(STORED DATA)

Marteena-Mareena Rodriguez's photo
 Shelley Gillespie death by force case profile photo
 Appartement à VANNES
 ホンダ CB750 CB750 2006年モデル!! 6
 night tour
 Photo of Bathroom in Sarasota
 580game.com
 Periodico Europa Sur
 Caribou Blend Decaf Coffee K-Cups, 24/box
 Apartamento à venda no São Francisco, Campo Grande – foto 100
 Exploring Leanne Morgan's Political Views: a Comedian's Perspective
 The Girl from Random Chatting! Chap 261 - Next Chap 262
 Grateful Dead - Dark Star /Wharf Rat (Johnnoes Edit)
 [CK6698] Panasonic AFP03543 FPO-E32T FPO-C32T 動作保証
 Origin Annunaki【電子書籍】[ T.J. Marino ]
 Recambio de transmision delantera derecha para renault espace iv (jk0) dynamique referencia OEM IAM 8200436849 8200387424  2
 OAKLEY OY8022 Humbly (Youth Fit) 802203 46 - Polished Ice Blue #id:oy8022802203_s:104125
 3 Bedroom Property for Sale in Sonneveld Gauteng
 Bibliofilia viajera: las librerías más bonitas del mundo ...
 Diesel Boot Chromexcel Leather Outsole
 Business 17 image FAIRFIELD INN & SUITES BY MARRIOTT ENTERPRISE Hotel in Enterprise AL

(End STORED DATA)

• TASK DIRECTIONS
Using the records above, write out exactly the lines from the one containing "Bibliofilia viajera: las" through the last, and add nothing.

• ANSWER TO THIS TASK
 Bibliofilia viajera: las librerías más bonitas del mundo ...
 Diesel Boot Chromexcel Leather Outsole
 Business 17 image FAIRFIELD INN & SUITES BY MARRIOTT ENTERPRISE Hotel in Enterprise AL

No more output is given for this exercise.